At the crossroads of the Arab world and Africa, two nations are on the brink of collapse. Nothing and no one appears able to stop the civil wars ravaging Sudan and its neighbor, the fledgling state of South Sudan – not regional powers nor global superpowers. The people are paying the heaviest price. They are at the mercy of endless clashes between warlords who, whether rebel movements or supposedly established powers, are devastating these two countries.
In Sudan's case, it is as if a congenital curse is at work. As in Yemen or Haiti, this vast country – three times the size of France – has, since its independence in 1956, been the scene of almost continuous armed conflict. Moments of peace have been the exception; internal war is the norm. The current fighting is often referred to as the "fourth civil war." And, judging by past conflicts, especially those that devastated Sudan from 1983 into the early 2000s, the worst can be feared: a new wave of large-scale interethnic massacres.

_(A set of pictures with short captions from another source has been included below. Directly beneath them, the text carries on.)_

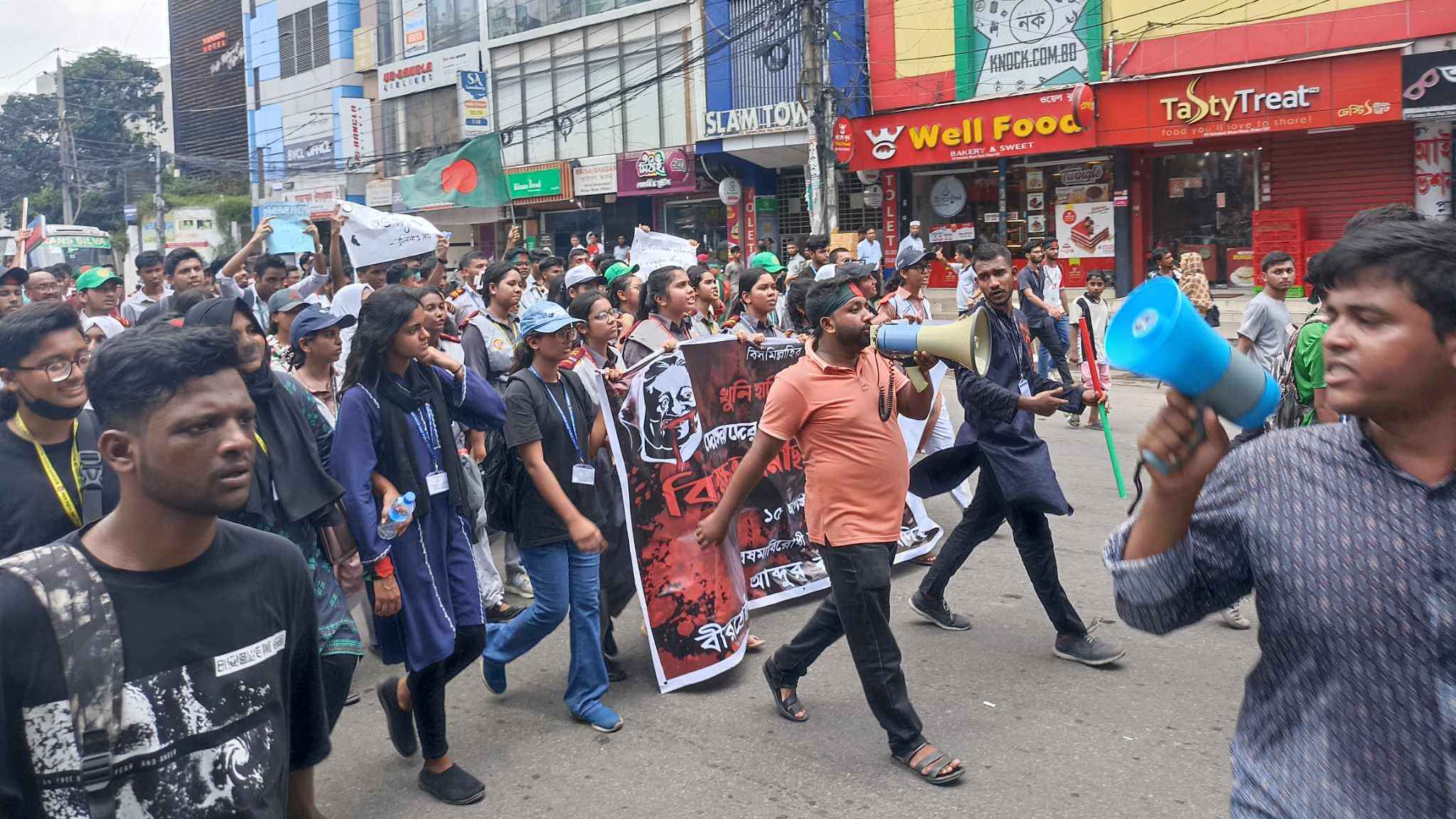 শেখ হাসিনার ফাঁসির দাবিতে বিক্ষোভ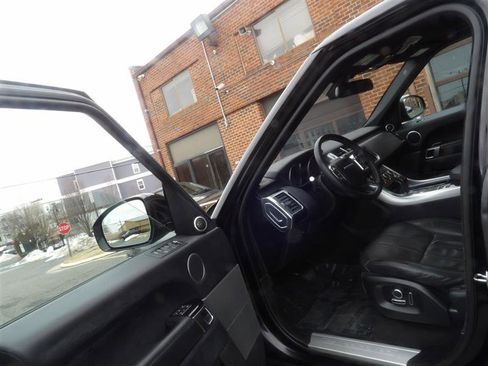 Used 2016 Land Rover Range Rover Sport HSE image 10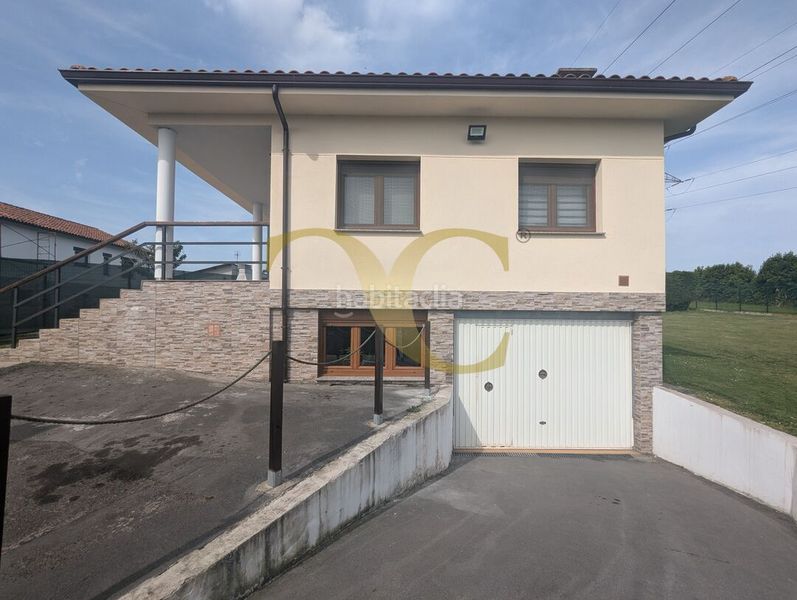 Foto 887ac00d-7be5-46f9-b588-c090695168b3. Casa amb calefacció aparcament piscina a Roces Gijón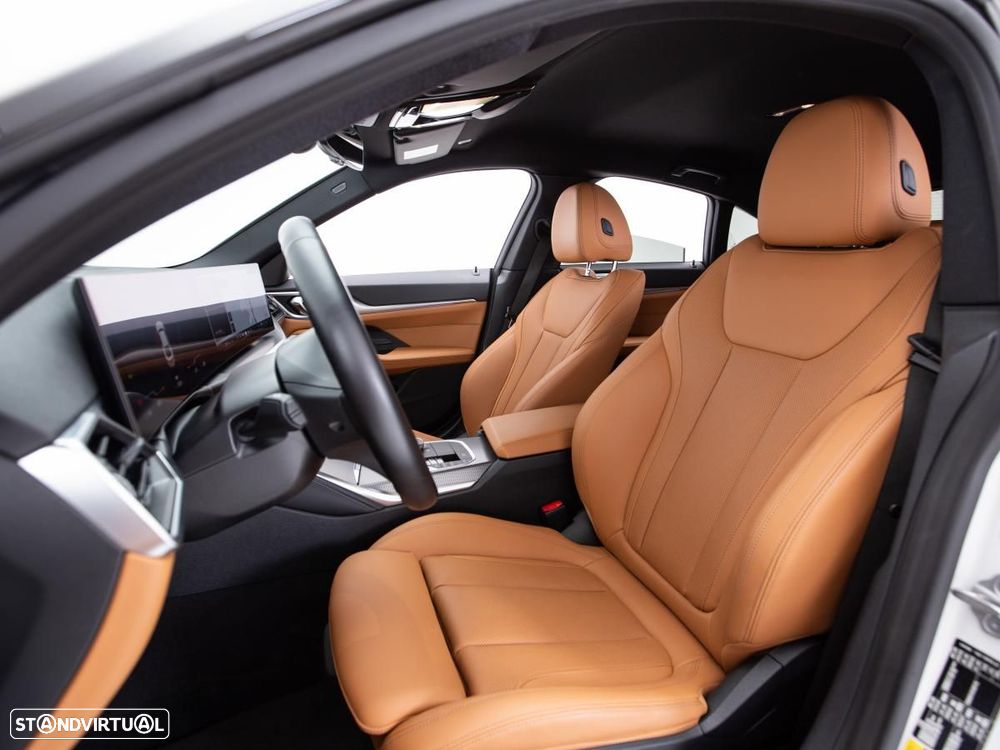 BMW i4 eDrive40 Pack Desportivo M - 9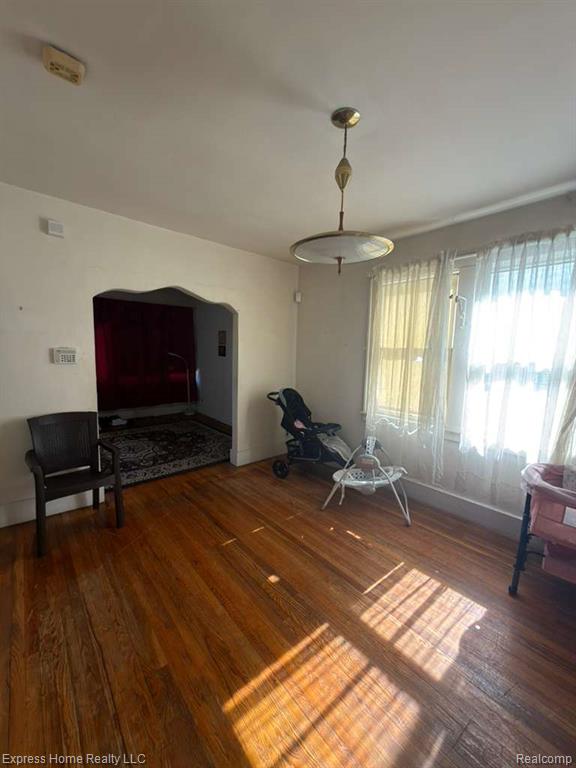 5033 Harold Street Property Photo 4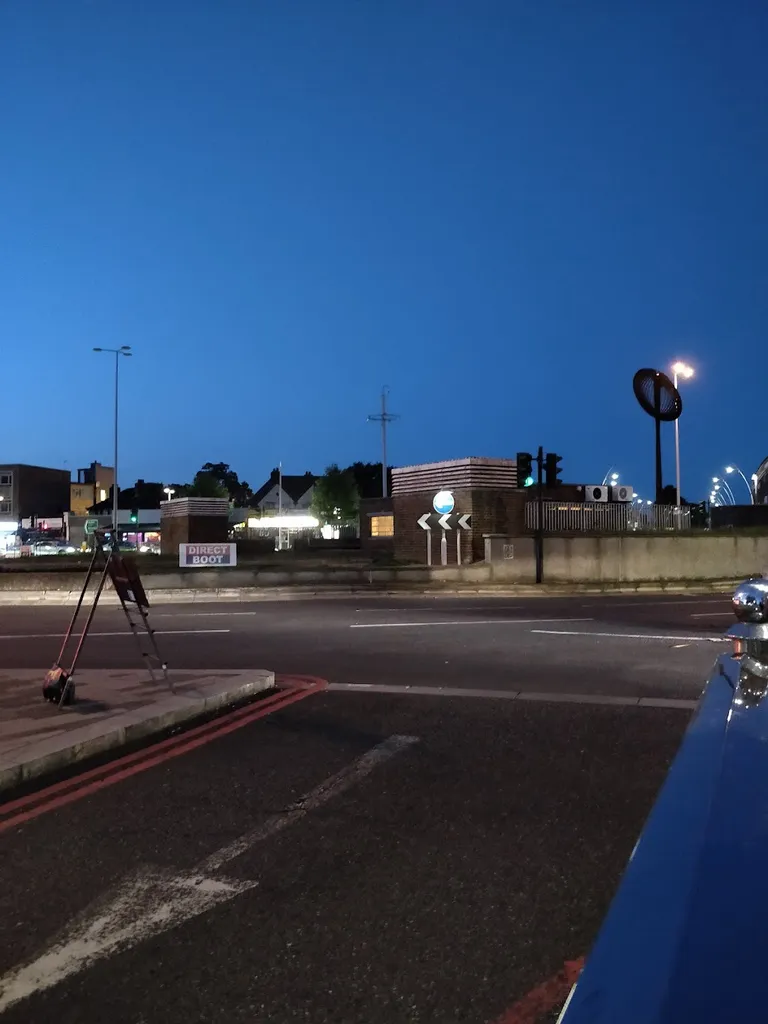 Gants Hill Station / Cranbrook Road (Stop CN)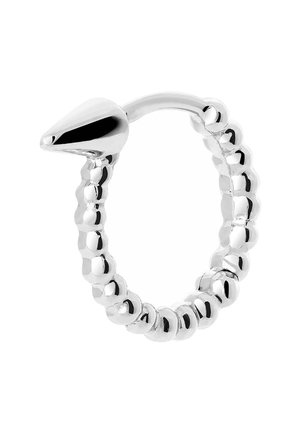 Anillo de plata con un diseño de cuentas y un acento en forma de espiga. Textura suave y pulida. Forma circular con un acabado brillante.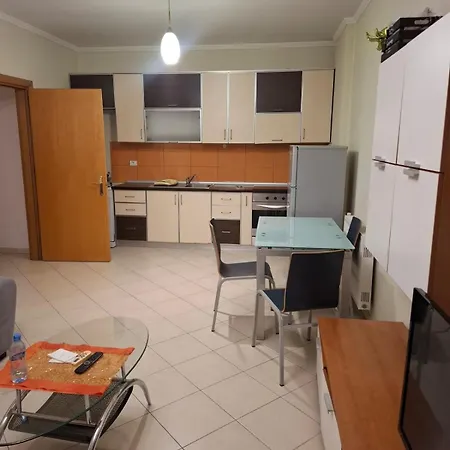 Apartment Pta - Spacious 2 - Balcony Tirana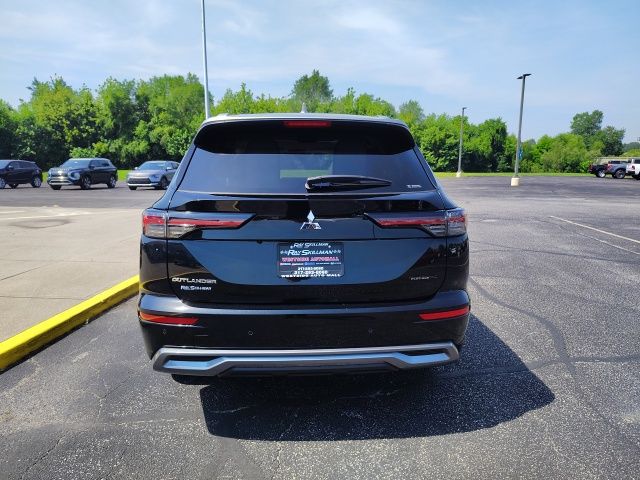 2025 Mitsubishi Outlander SEL GT photo 4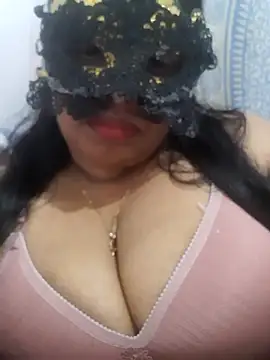 Snapshot of chubby_wife chatting on 07.28.26 chubby wife online show from 07.28.26
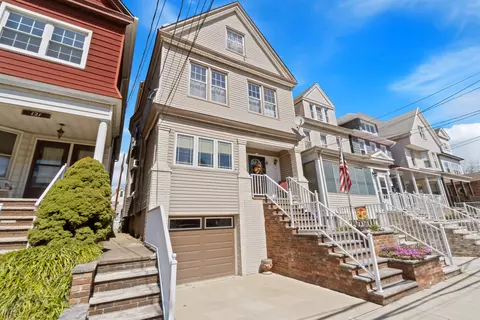 119 W 6th St, Bayonne, NJ 07002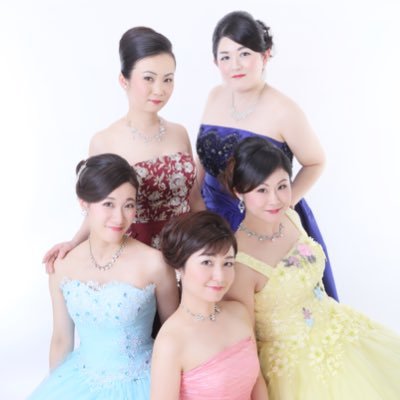 はじめまして。女声アンサンブルの『Klänge』(クレンゲ)です!Klängeとはドイツ語で響きという意味です。ソロでも活躍している声楽家5人が集まり(現在1人お休み中で4人!)美しい響きの重唱をお届けしております。 今後の演奏活動などをお知らせします。演奏ご依頼、ご質問等お気軽にDM、コメント下さい。
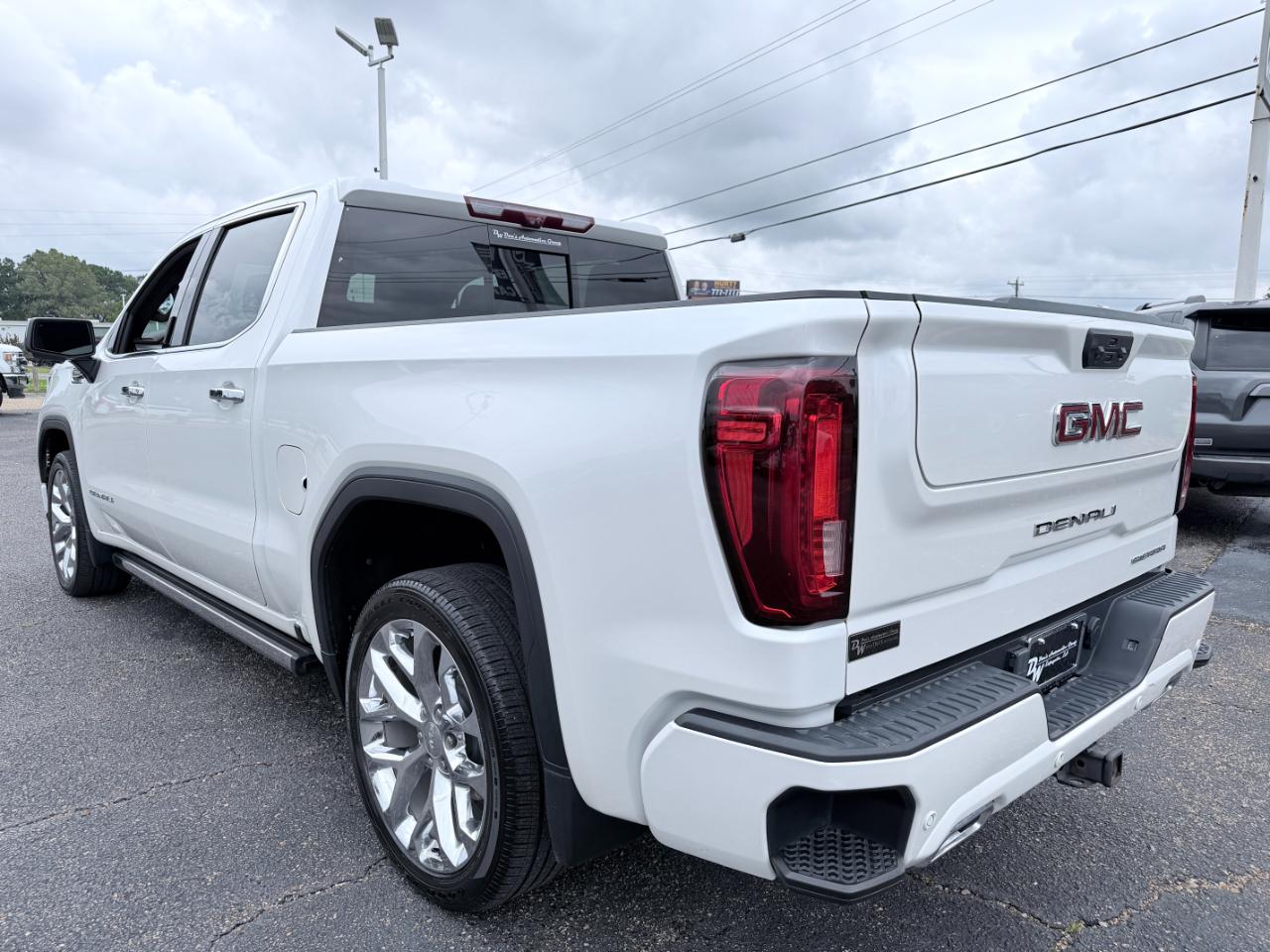 GMC Sierra 1500 4WD Crew Cab 147" Denali 2024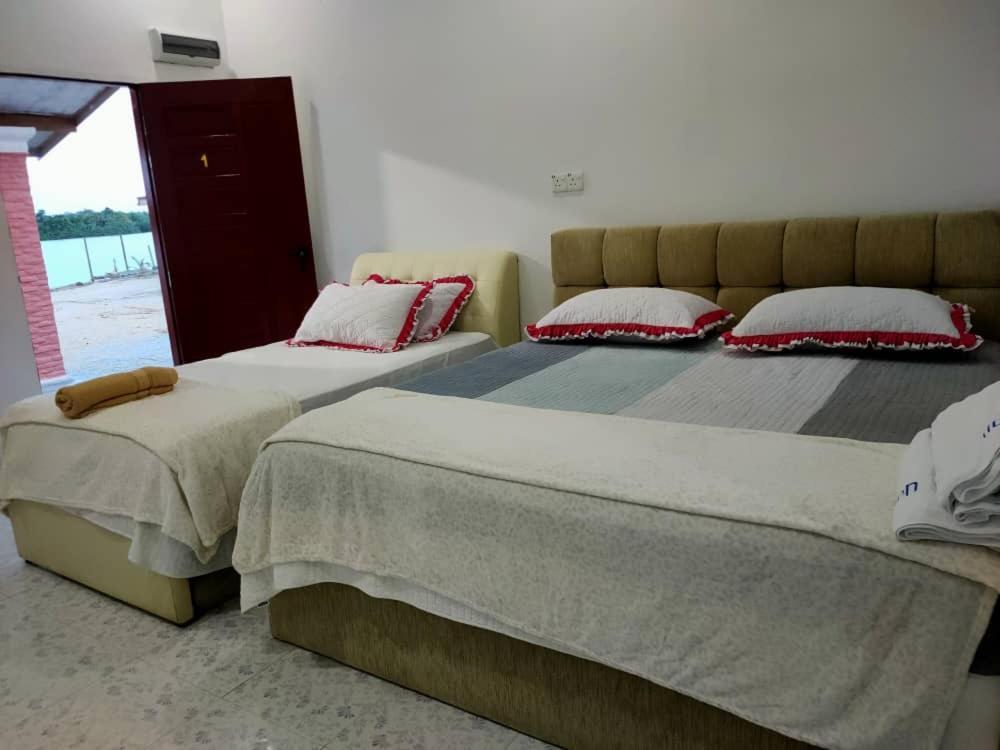 Roomstay Tokbah Demuara Kuala Besut Luaran gambar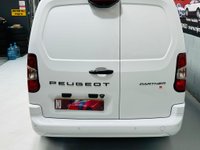 USED 2025 25 PEUGEOT PARTNER 1.5 BlueHDi 950 Asphalt Long Panel Van EAT8 LWB Euro 6 (s/s) 6dr AS NEW CONDITION
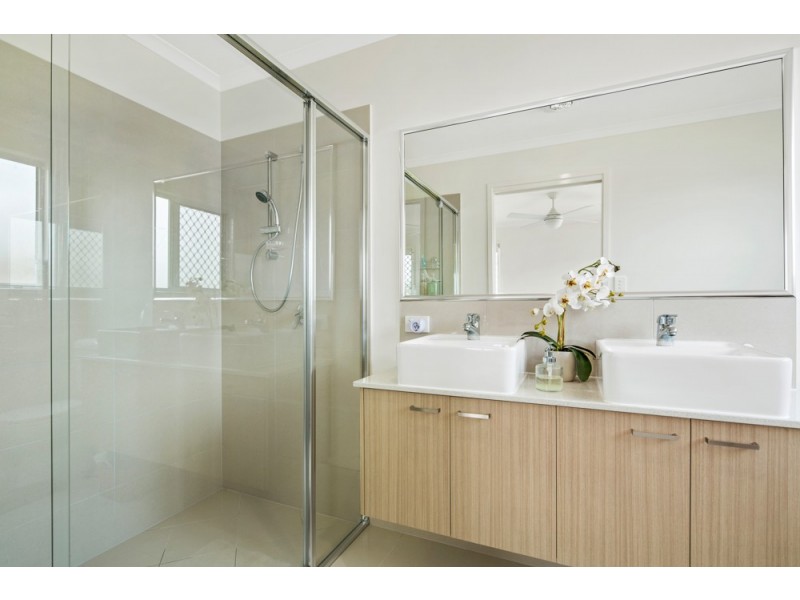 24 Starling Crescent, Peregian Springs QLD 4573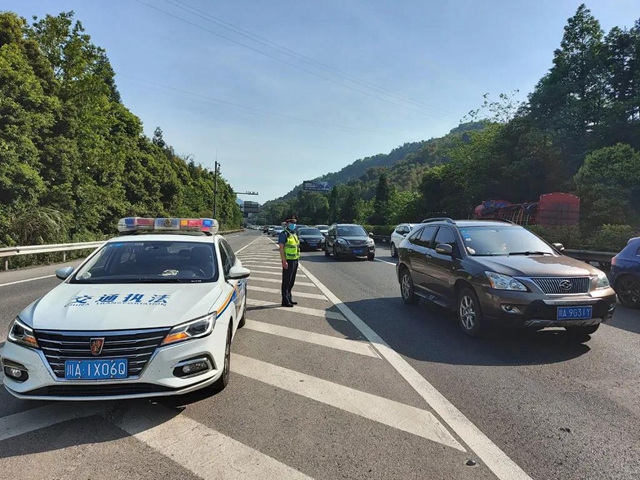 你贡献了多少？四川“五一”大数据：超1700万辆次车上高速；4天消费18.2亿元(图1)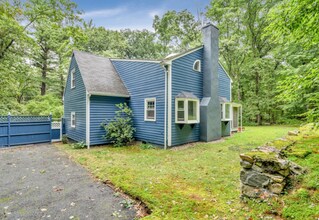 821 Boston Post Rd in Sudbury, MA - Building Photo - Building Photo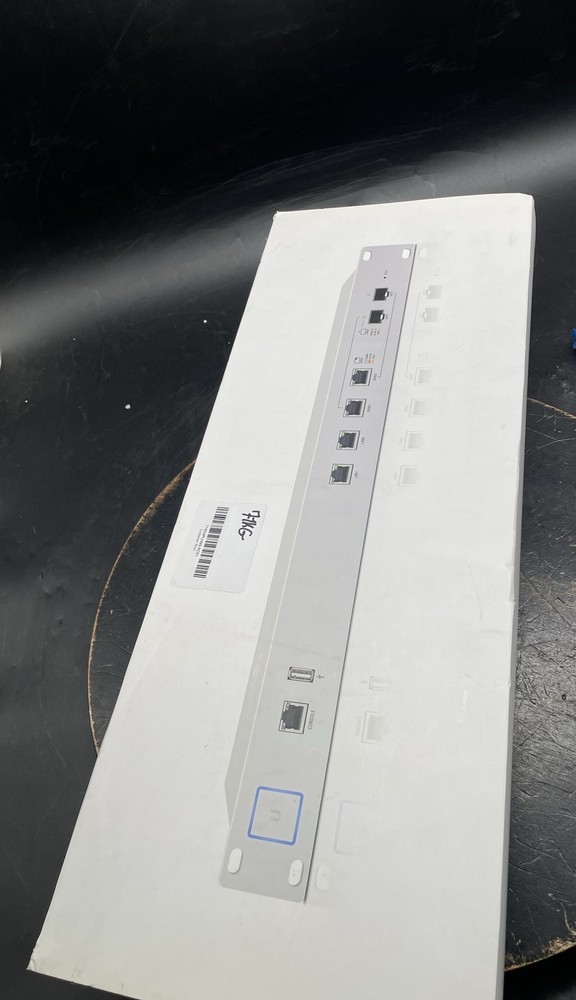 UniFi Security Gateway Pro USG-PRO-4 Enterprise Router Firewall Network Device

The United Nations; NGOs, notably Doctors Without Borders and Handicap International; and others have issued repeated warnings. During the week of September 22, as the UN General Assembly convened in New York, delegates have heard the bleakest reports. No one can claim ignorance. The facts are known. To date, the war that began in 2023 has killed more than 150,000 people. In a population of more than 50 million, the number of wounded is in the hundreds of thousands. Fighting has displaced some 12 million people, crowded into makeshift camps with no schools or hospitals.
Darfur at the center of the conflict
Looting, scorched harvests, villages reduced to ashes, rape, abductions, summary executions – every aspect of interethnic violence is concentrated in the country's western border region, Darfur. The war is playing out against a backdrop of food emergencies and looming famine, according to the UN. Experts have called it "one of the worst humanitarian crises of the 21st century."